In other words, accurately requesting resources to match your job’s needs will minimize your wait times.
Verify you are logged into nero.compute.stanford.edu
Review steps for logging into nero.compute.stanford.edu
Components of a Slurm Job
- A job consists in two parts: resource requests and job steps.
-
Resource requests describe the amount of computing resource (CPUs, GPUs, memory, expected run time, etc.) that the job will need to successfully run.
-
Job steps describe tasks that must be executed.
Slurm Interactive Session
Interactive session on a compute node is to use srun to execute a shell through the scheduler. For instance, to start a bash session on a compute node, with the default resource requirements (one core for 2 hours), you can run:
$ srun --pty bash
You can then see you session via
cdoane@nero-login-1:~$ squeue -u cdoane
JOBID PARTITION NAME USER ST TIME NODES NODELIST(REASON)
29613 normal bash cdoane R 4:13 1 nero-4
Slurm Batch scripts
The typical way of creating a job is to write a job submission script. A
submission script is a shell script (e.g. a Bash script) whose first comments,
if they are prefixed with #SBATCH
, are interpreted by Slurm as parameters
describing resource requests and submissions options.
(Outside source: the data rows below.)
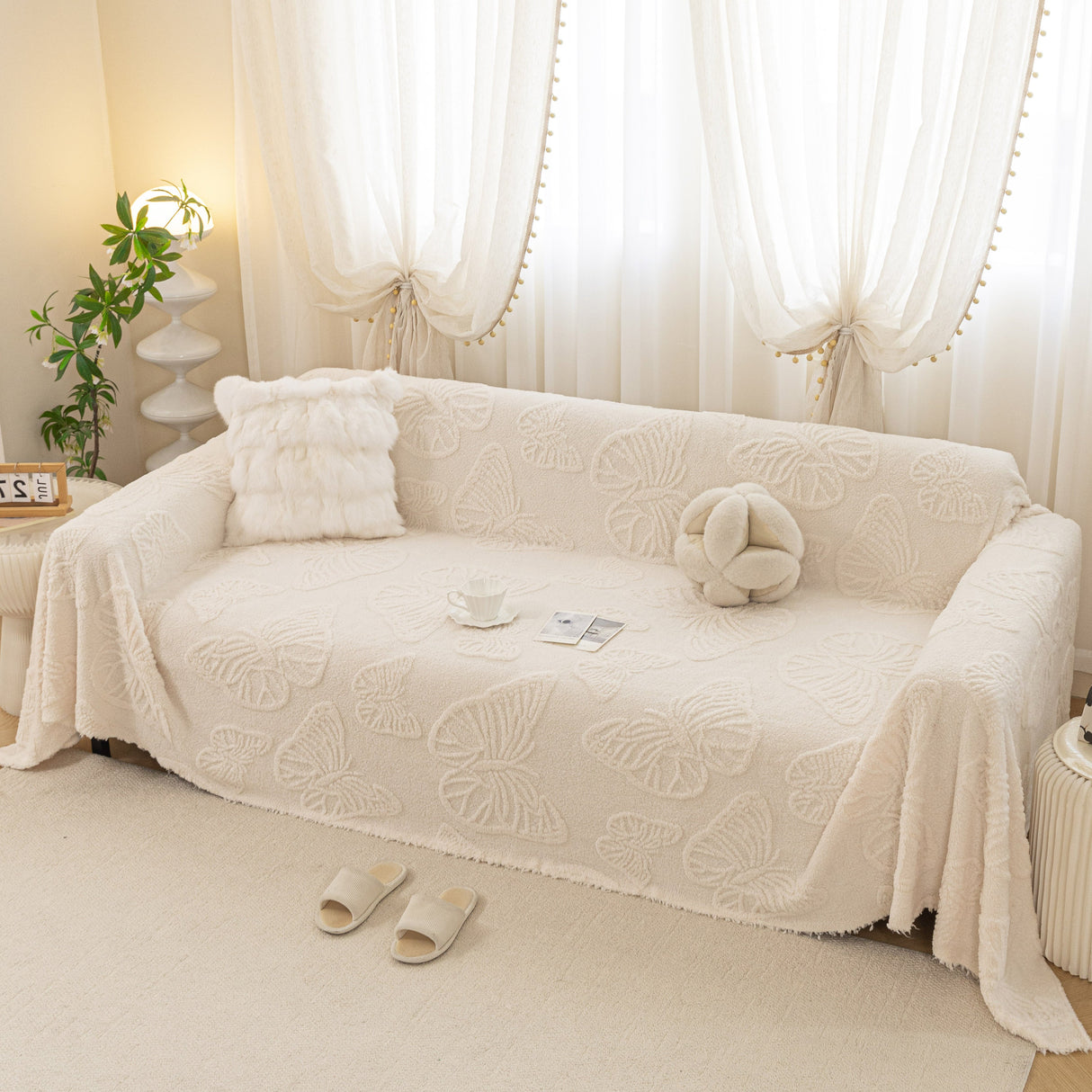 Luxury 3D Butterfly Jacquard Sofa Throw Blanket, Ultra-Soft Plush Fleece Couch Cover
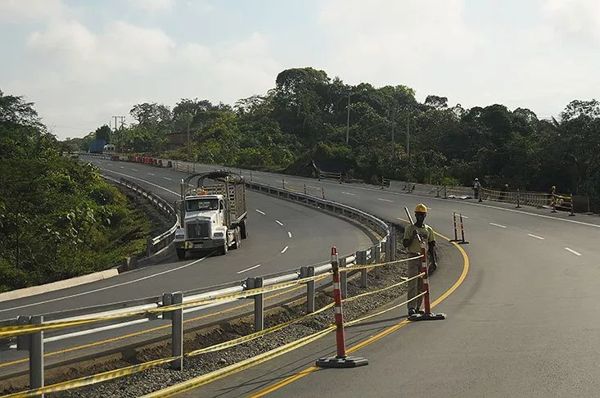 Revista extranjera resalta los avances en las carreteras de Colombia | Noticias de Buenaventura, Colombia y el Mundo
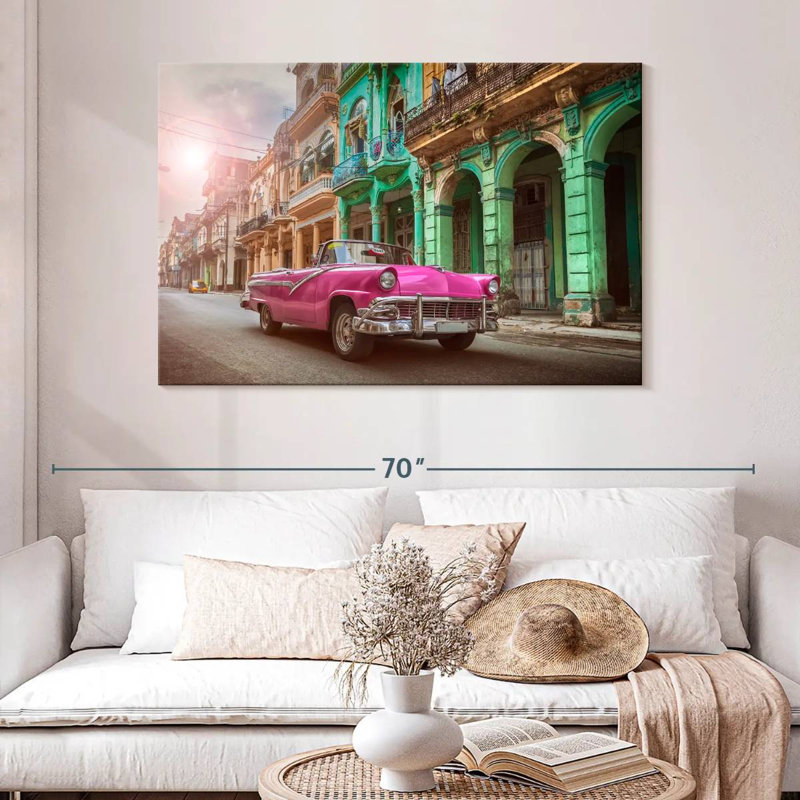 Voiture rose classique Mehar, H 32 po x l 48 po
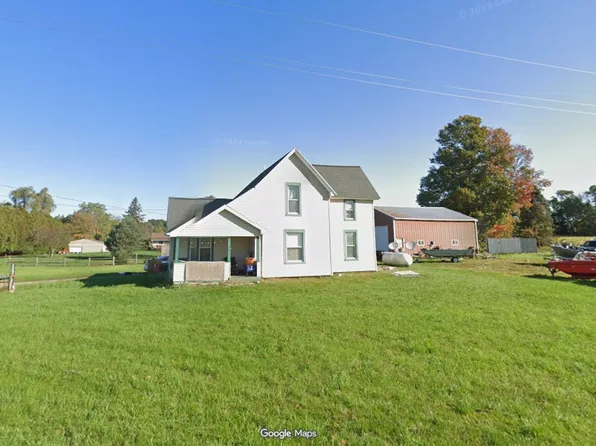 24 S Hillside St, Roxbury, ME 04275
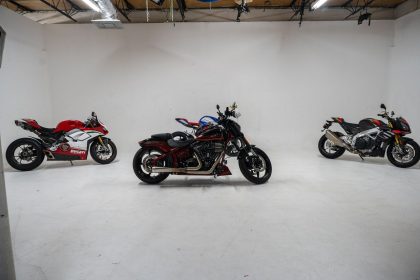 Três motocicletas Ducati expostas em um estúdio de fundo branco.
The submission script itself is a job step. Other job steps are created with
the srun
command.
For instance, the following script would request one task with one CPU for 10 minutes, along with 2 GB of memory, in the default partition:
#!/bin/bash
#
#SBATCH --job-name=test
#
#SBATCH --time=10:00
#SBATCH --ntasks=1
#SBATCH --cpus-per-task=1
#SBATCH --mem-per-cpu=2G
srun hostname
srun sleep 60
When started, the job would run a first job step srun hostname
, which will
launch the command hostname
on the node on which the requested CPU was
allocated. Then, a second job step will start the sleep
command.
You can create this job submission script on Nero using a text editor such as nano
or vim
, and save it as submit.sh
.
Slurm will ignore all
#SBATCH
directives after the first non-comment
line. Always put your #SBATCH
parameters at the top of your batch
script.Job submission
Once the submission script is written properly, you can submit it to the
scheduler with the sbatch
command. Upon success, sbatch
will return the ID
it has assigned to the job (the jobid).
$ sbatch submit.sh
Submitted batch job 1377
Check the job
Once submitted, the job enters the queue in the PENDING
state. When resources
become available and the job has sufficient priority, an allocation is created
for it and it moves to the RUNNING
state. If the job completes correctly, it
goes to the COMPLETED
state, otherwise, its state is set to FAILED
.
You’ll be able to check the status of your job and follow its evolution with
the squeue -u $USER
command:
$ squeue -u cdoane
JOBID PARTITION NAME USER ST TIME NODES NODELIST(REASON)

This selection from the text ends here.